▸ **Material for the task**
################

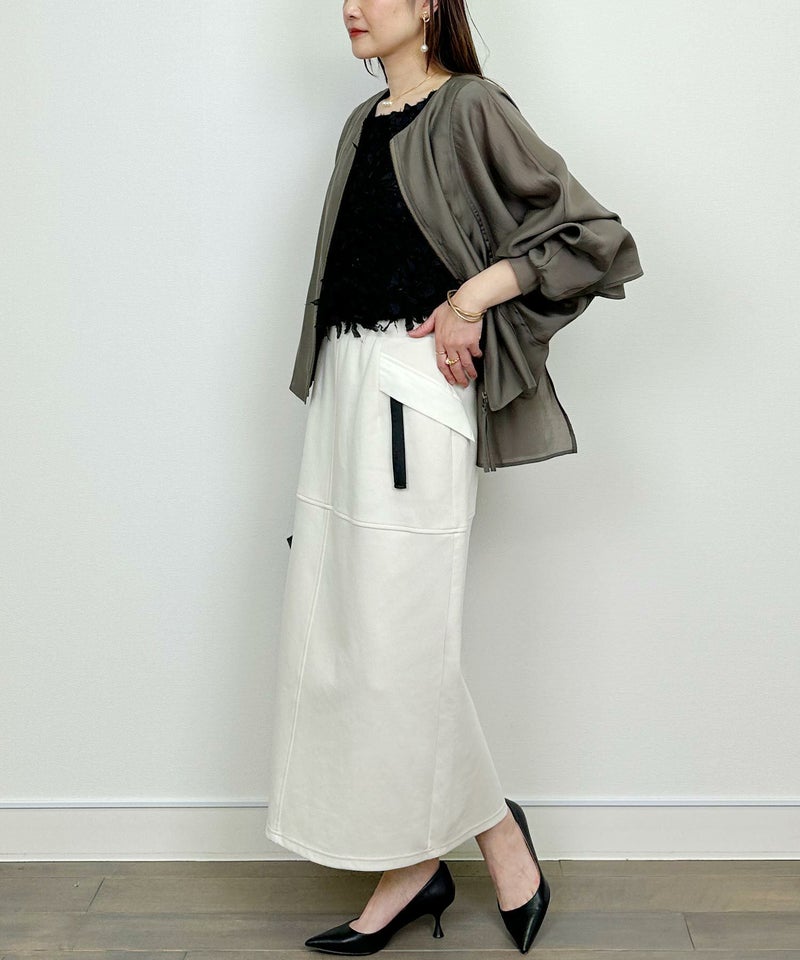 model：H164　着用サイズ：M　カーキ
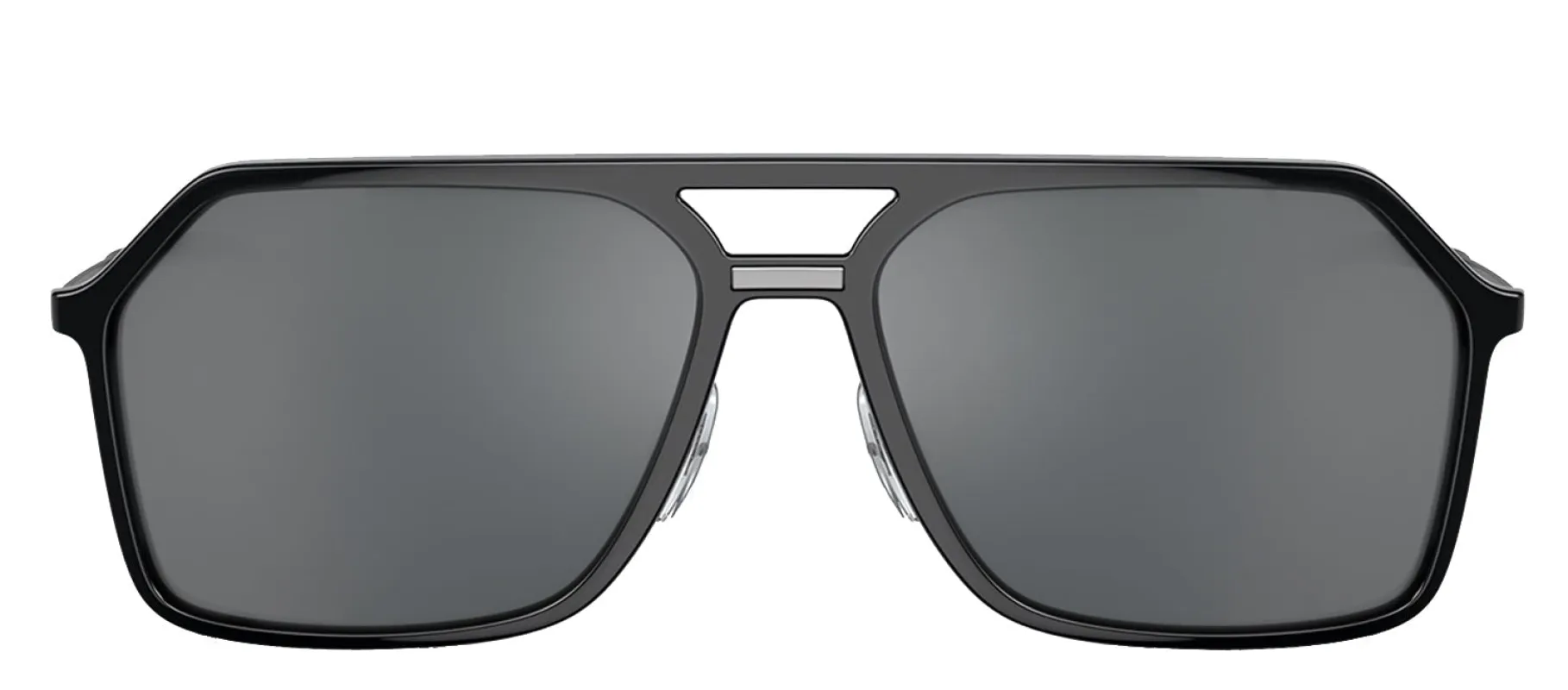 DOLCE & GABBANA DG 6196 501/6G Pilot Black Plastic Sunglasses with Light Grey Mirror Black Lens sold by Gaffos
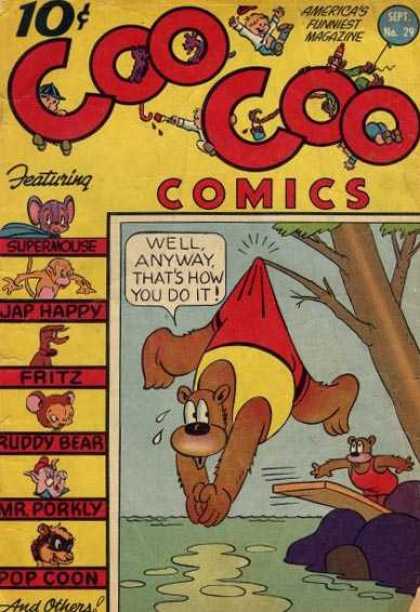Coo Coo Comics 29 - Tree - Bear - Water - Diving - Supermouse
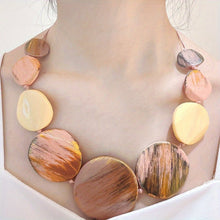 Load image into Gallery viewer, Ursuline Geometric Necklace - Serenity Handmade Jewelry
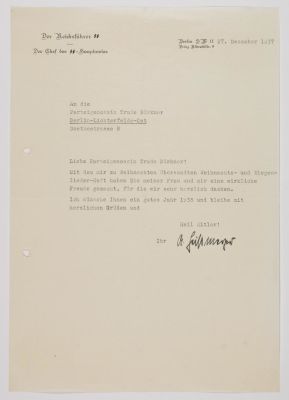 AUGUST HEISSMEYER (1897 - 1979) Waffen-SS general, relieved Theodor Eicke who in 1939 had begun 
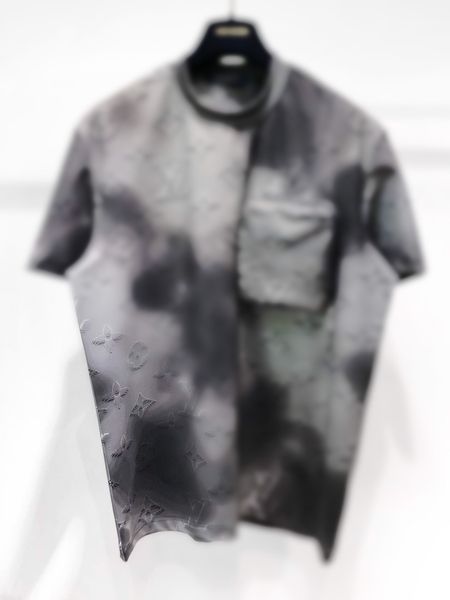 

20ss париж мода топ-версия t рубашка евро размер свободного покроя уличной мужчины женщины пара пиджаки свободный корабль, Black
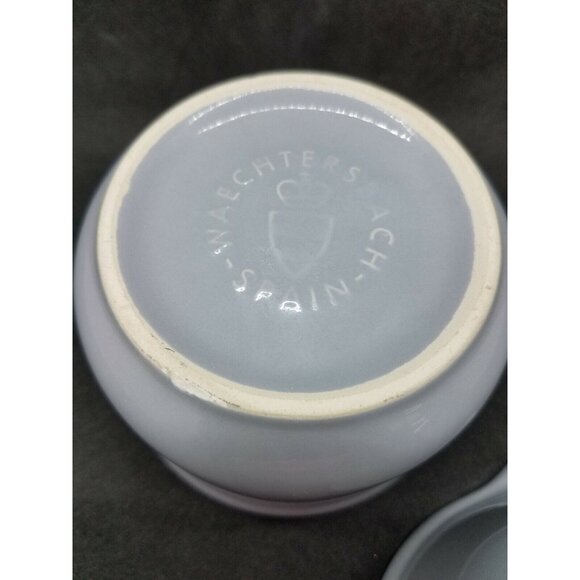 Waechtersbach Light Blue Grey Sugar Bowl and Creamer W Germany - Picture 5 of 8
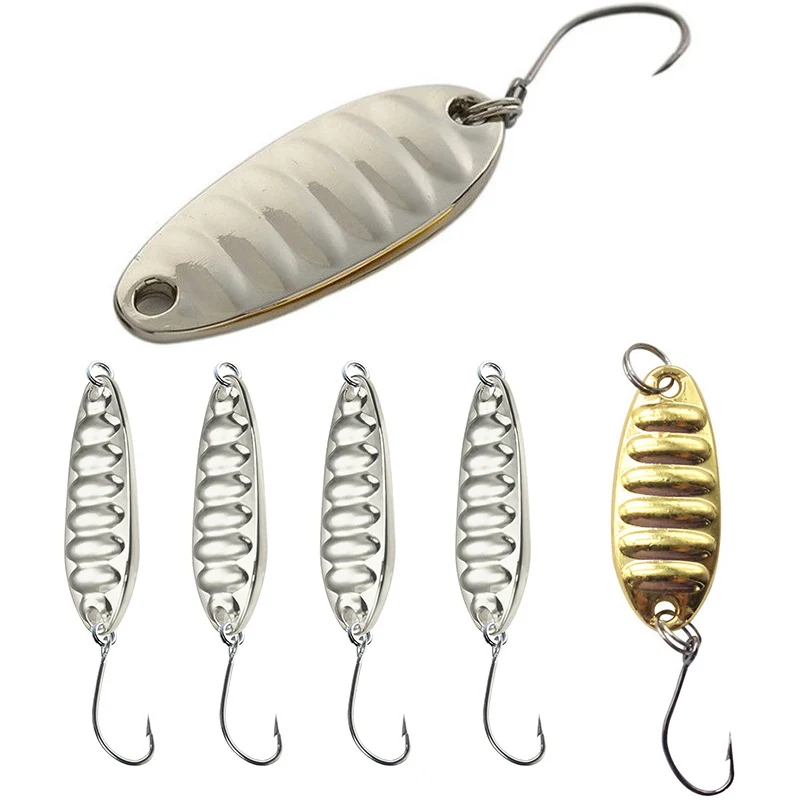 YUCONG 1PX Fishing Lure Spoon 1.5g-3g-5g-7g Metal Spinner Isca Gold/Slver  Artificial Hard Bait Wobbler Bass Swimbait Pesca lurre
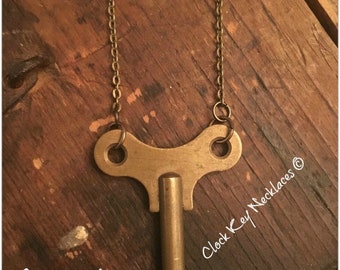 Vintage Clock Key Necklace - Cambridge - Clock Key - Key - Clock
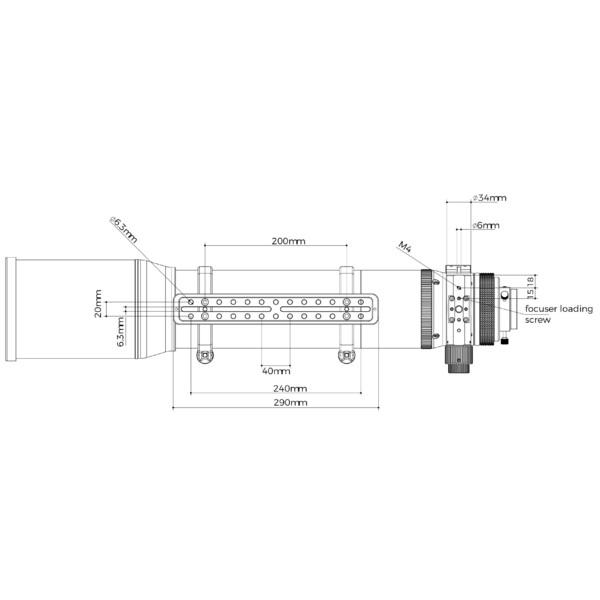 Askar Refrator apocromático AP 120/840 Triplet OTA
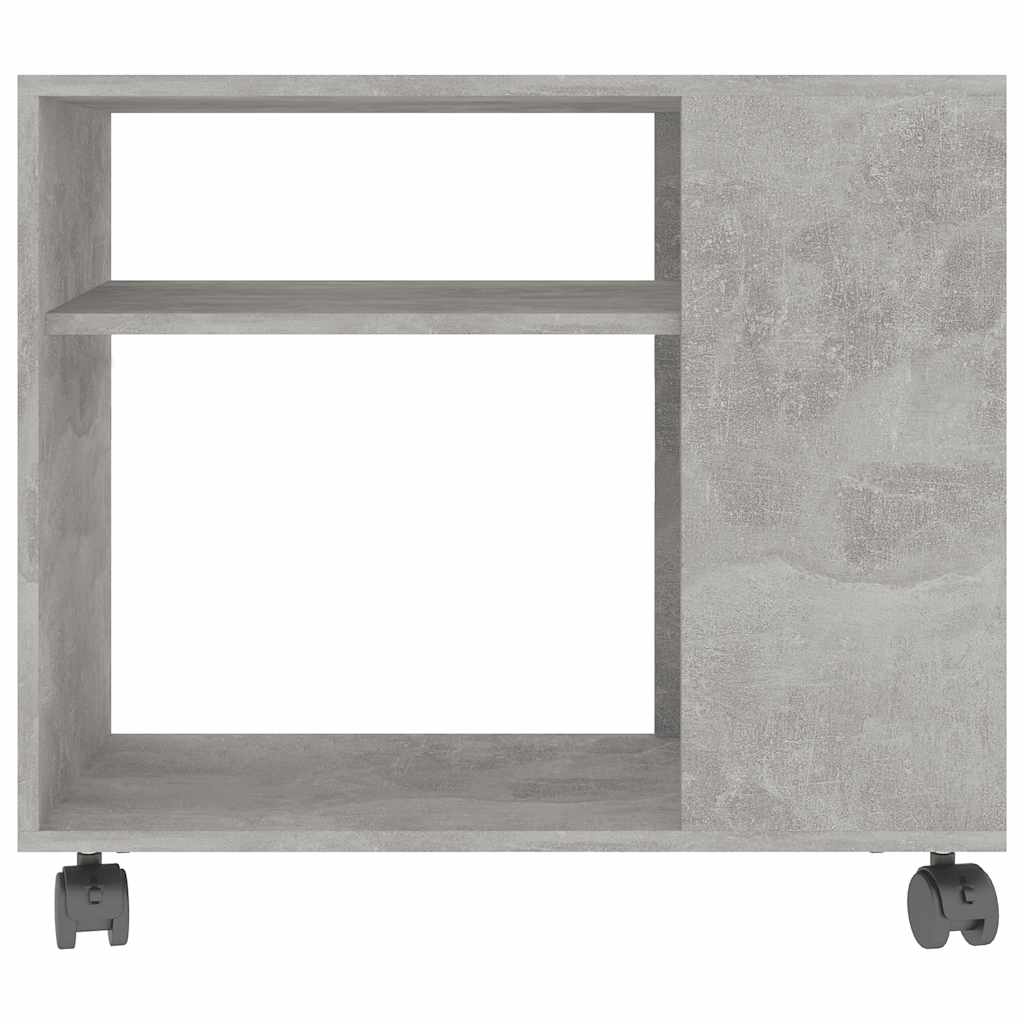 vidaXL Bijzettafel 70x35x55 cm bewerkt hout wit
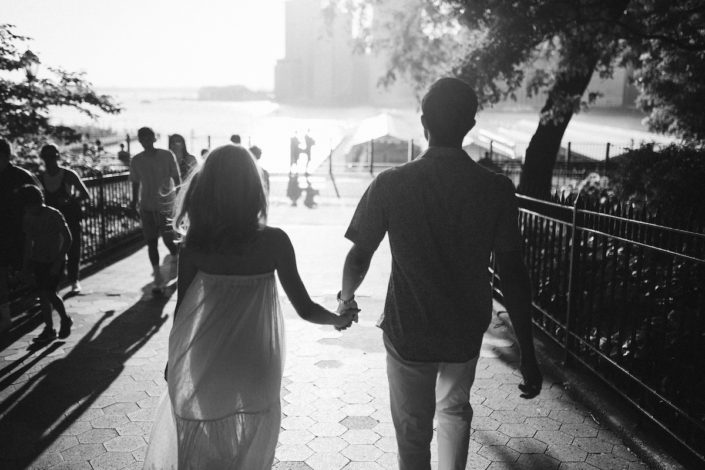 DUMBO Brooklyn Engagement Session | Emily + Jim - OkCrowe Photography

################

▸ **Activity**
Everything in the entries above must be output again exactly, except the pictures.

▸ **Response to this exercise**
 model：H164　着用サイズ：M　カーキ
 DOLCE & GABBANA DG 6196 501/6G Pilot Black Plastic Sunglasses with Light Grey Mirror Black Lens sold by Gaffos
Coo Coo Comics 29 - Tree - Bear - Water - Diving - Supermouse
 Load image into Gallery viewer, Ursuline Geometric Necklace - Serenity Handmade Jewelry
 AUGUST HEISSMEYER (1897 - 1979) Waffen-SS general, relieved Theodor Eicke who in 1939 had begun 

20ss париж мода топ-версия t рубашка евро размер свободного покроя уличной мужчины женщины пара пиджаки свободный корабль, Black
 Waechtersbach Light Blue Grey Sugar Bowl and Creamer W Germany - Picture 5 of 8
 YUCONG 1PX Fishing Lure Spoon 1.5g-3g-5g-7g Metal Spinner Isca Gold/Slver  Artificial Hard Bait Wobbler Bass Swimbait Pesca lurre
 Vintage Clock Key Necklace - Cambridge - Clock Key - Key - Clock
 Askar Refrator apocromático AP 120/840 Triplet OTA
 vidaXL Bijzettafel 70x35x55 cm bewerkt hout wit
 DUMBO Brooklyn Engagement Session | Emily + Jim - OkCrowe Photography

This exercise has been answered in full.